◆ Excerpted data ◆
★ ★ ★ ★ ★ ★ ★

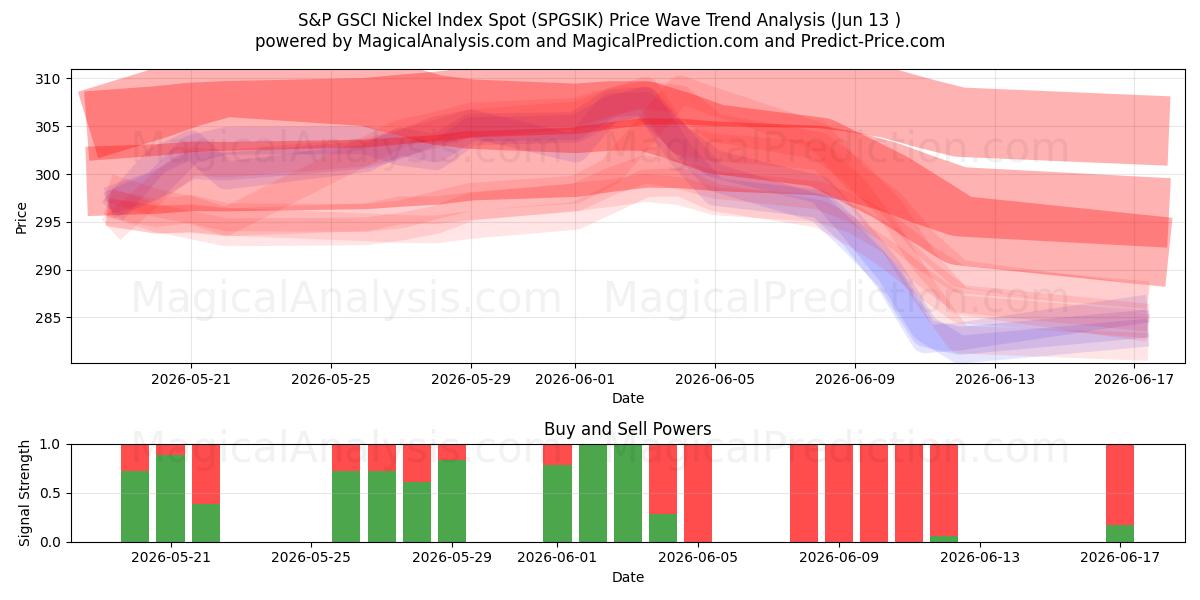  Indice S&P GSCI Nickel au comptant (SPGSIK) Support and Resistance area (12 Jun) 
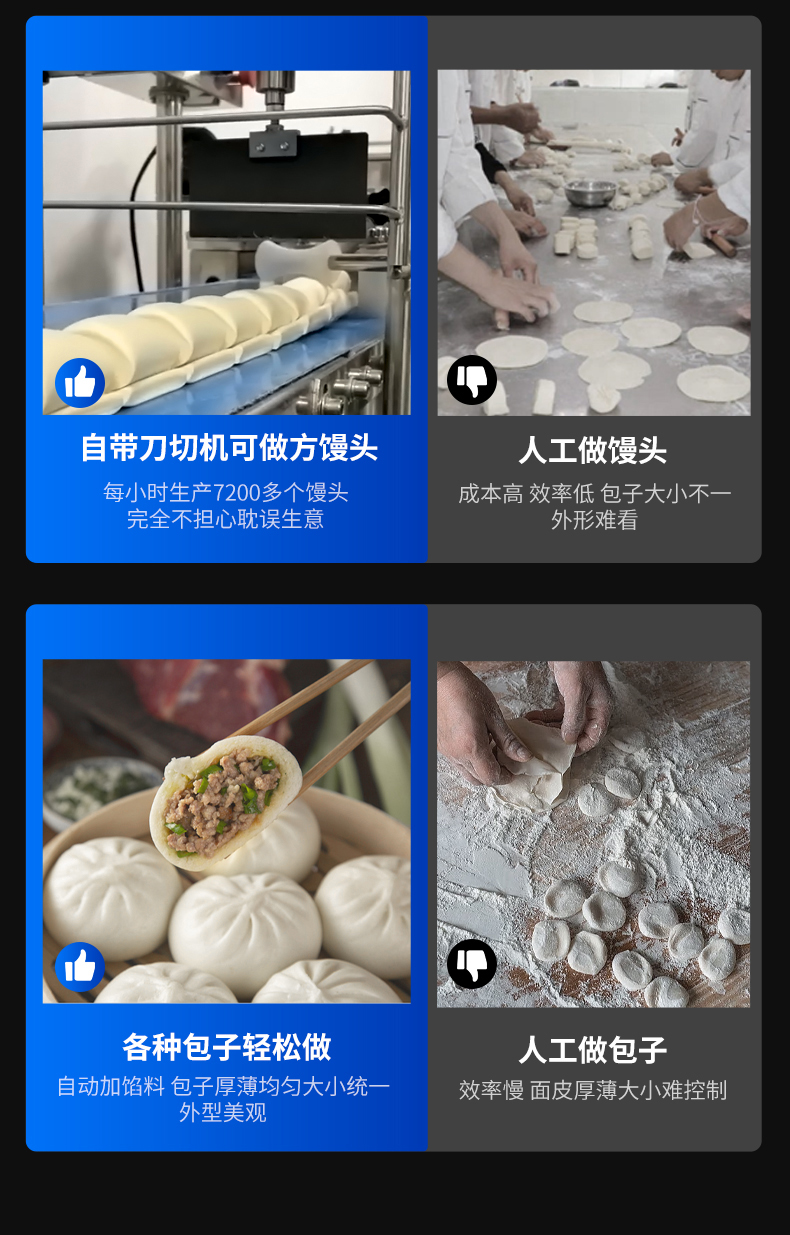 卷面式包子饅頭機(jī)手工對(duì)比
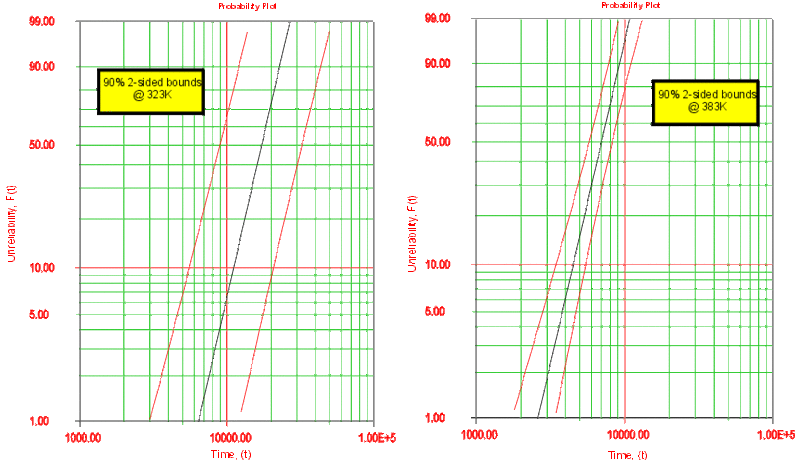 Comparison of the confidence bounds for different use stress levels.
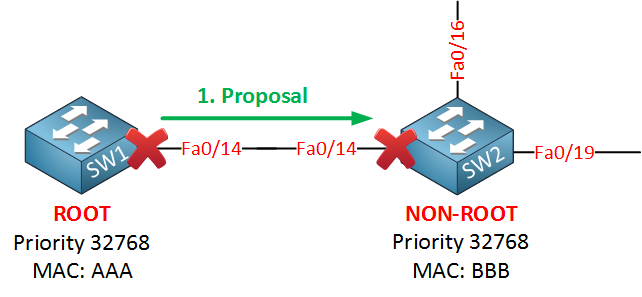 rapid spanning tree proposal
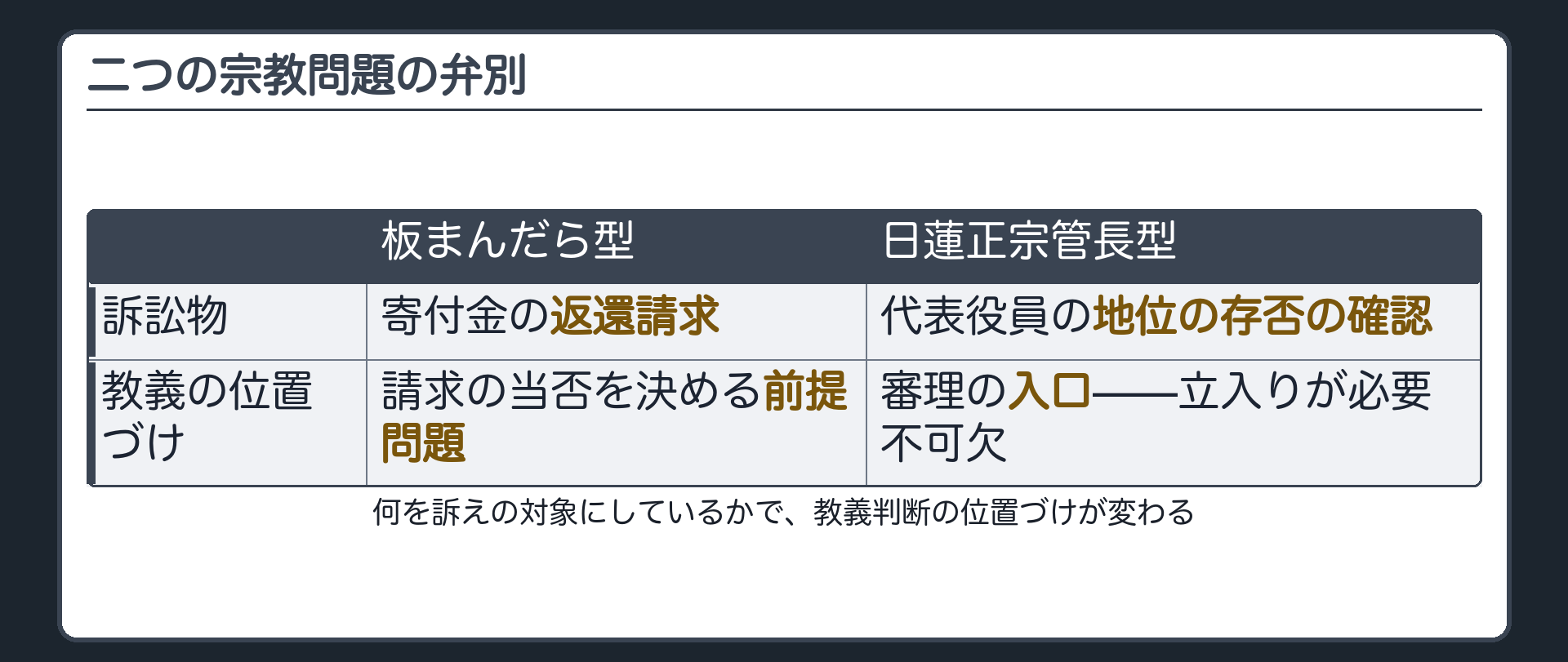 二つの宗教問題の弁別(訴訟物=寄付金の返還請求/代表役員の地位の存否の確認、教義の位置づけ=前提問題/審理の入口)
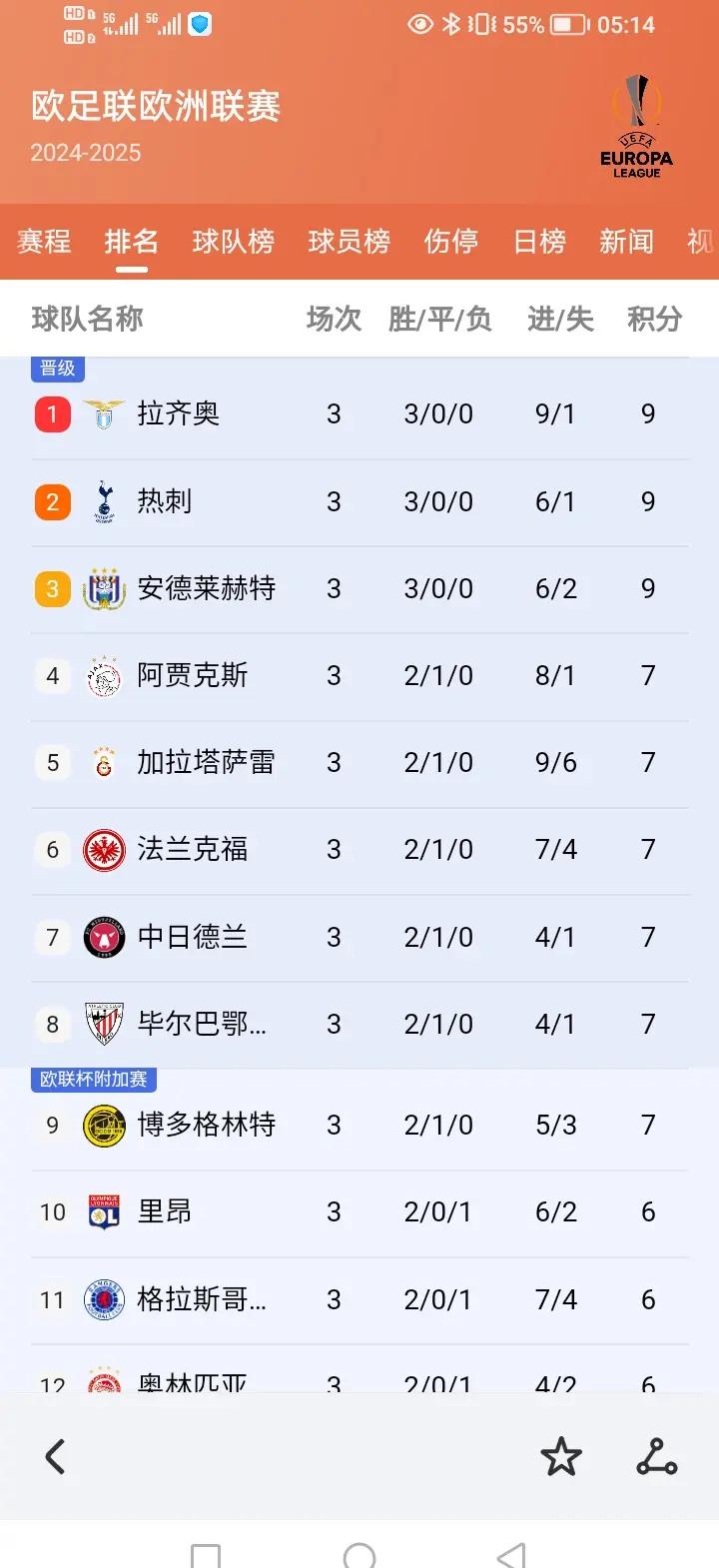 欧洲国家队备战,球员状态火热不容小觑 欧洲国家队备战,球员状态火热不容小觑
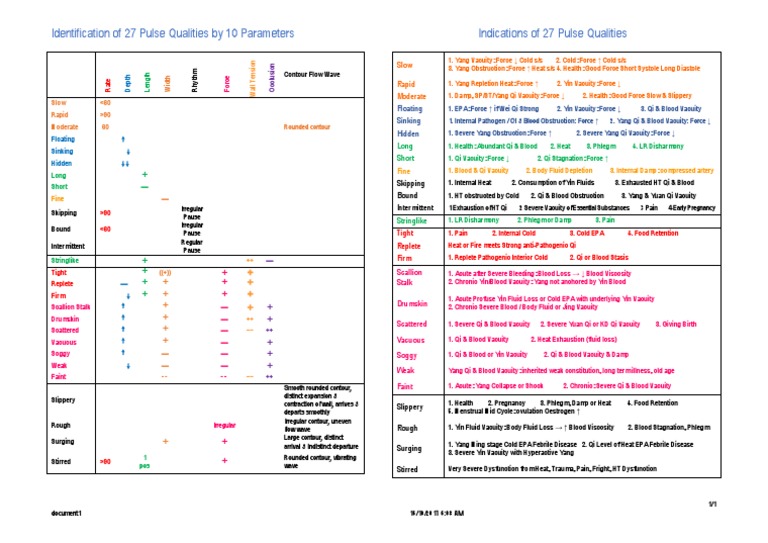 27 Pulses | PDF | Pulse | Medical Specialties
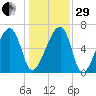 Salt Water Creek, Wright River tide chart for Thursday, December 29, 2022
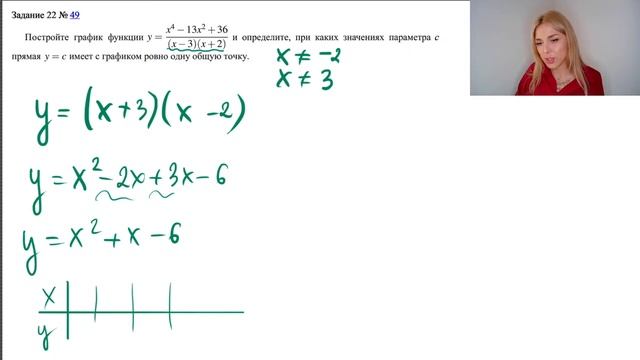 ФУНКЦИИ тип 22 / ОГЭ развернутая часть / парабола #49 смотреть онлайн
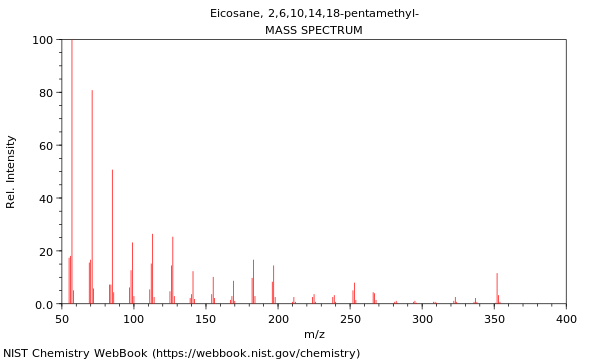 Mass spectrum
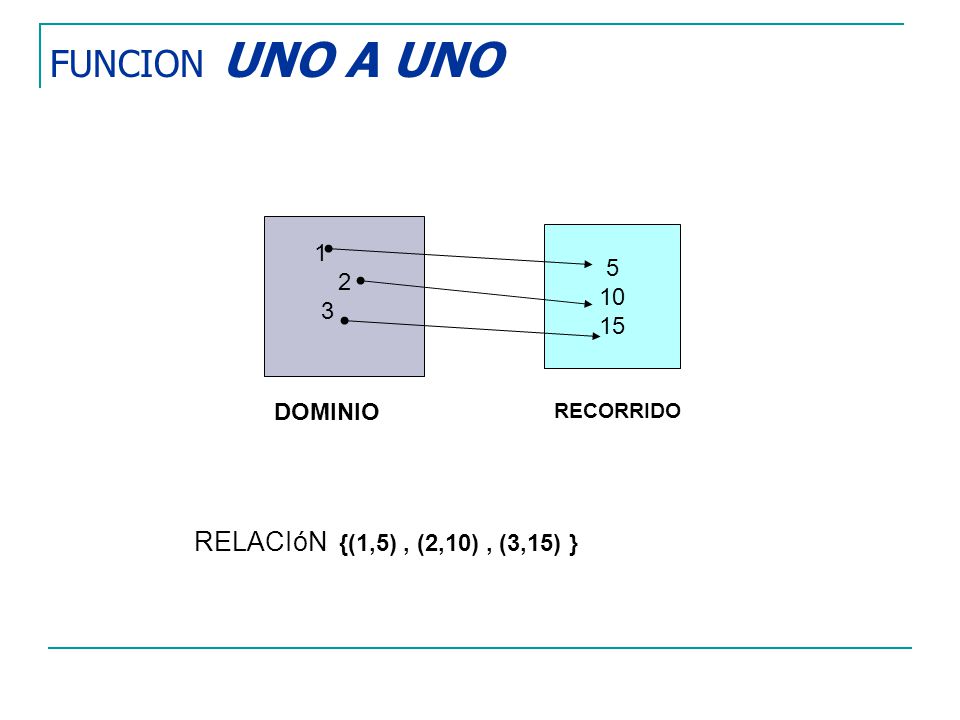 FUNCION UNO A UNO RELACIóN {(1,5) , (2,10) , (3,15) }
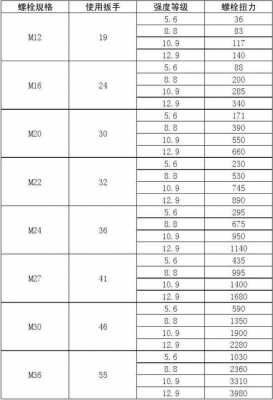 m8螺丝（m8螺丝扭力标准是多少Nm）
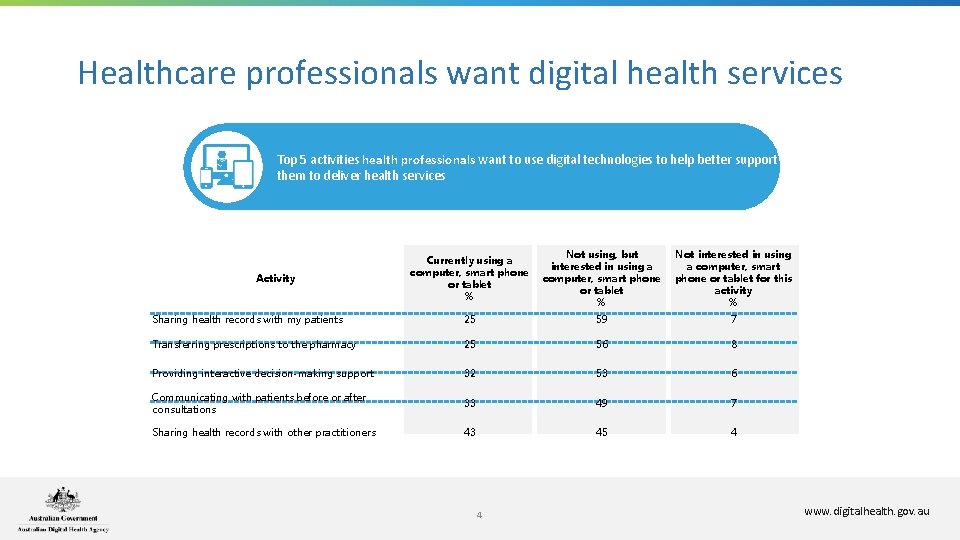 Healthcare professionals want digital health services Top 5 activities health professionals want to use Healthcare professionals want digital health services Top 5 activities health professionals want to use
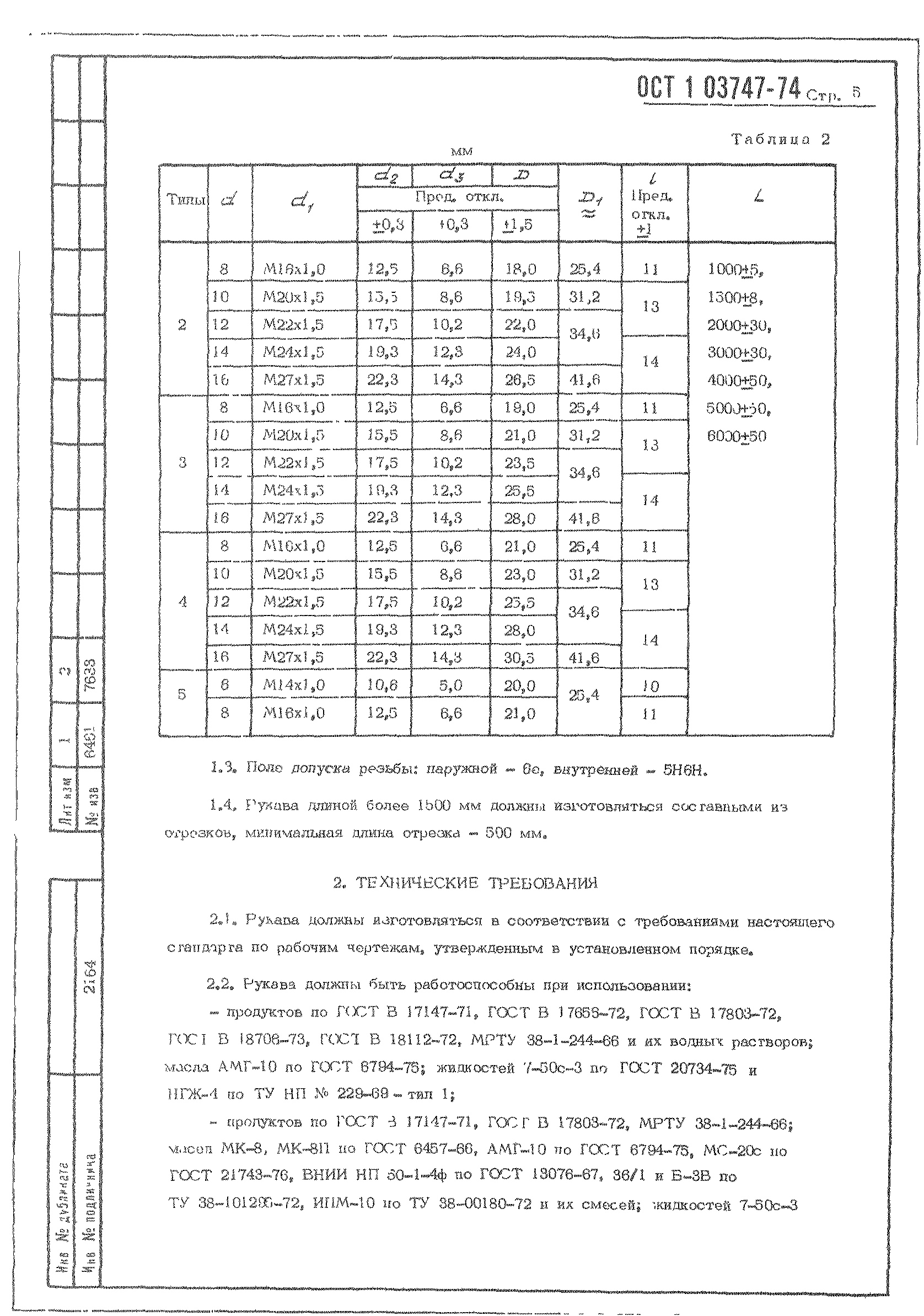 ОСТ 1 03747-74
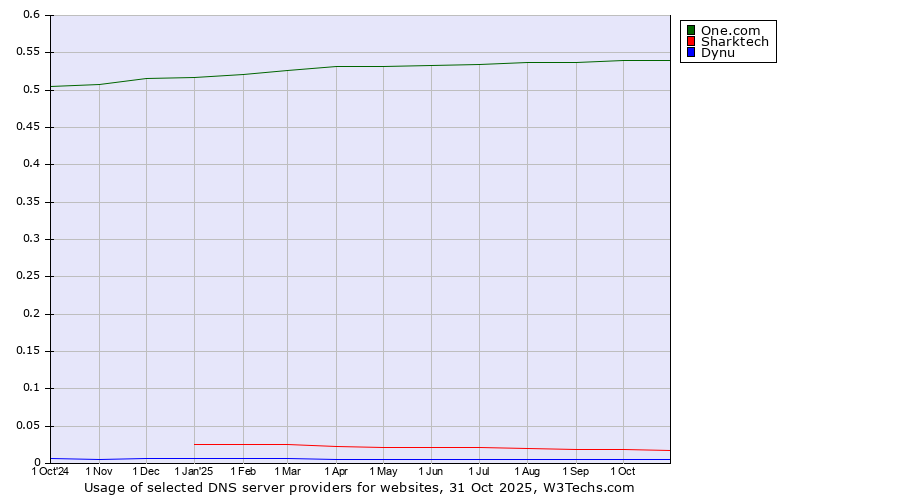 Historical trends in the usage of One.com vs. Sharktech vs. Dynu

★ ★ ★ ★ ★ ★ ★

◆ Prompt ◆
For this answer, return word for word the lines from the first line of the records through the line containing "27 Pulses |". Omit the pictures.

◆ Exercise response ◆
  Indice S&P GSCI Nickel au comptant (SPGSIK) Support and Resistance area (12 Jun) 
 卷面式包子饅頭機(jī)手工對(duì)比
 Comparison of the confidence bounds for different use stress levels.
 rapid spanning tree proposal
 二つの宗教問題の弁別(訴訟物=寄付金の返還請求/代表役員の地位の存否の確認、教義の位置づけ=前提問題/審理の入口)
 欧洲国家队备战,球员状态火热不容小觑 欧洲国家队备战,球员状态火热不容小觑
 27 Pulses | PDF | Pulse | Medical Specialties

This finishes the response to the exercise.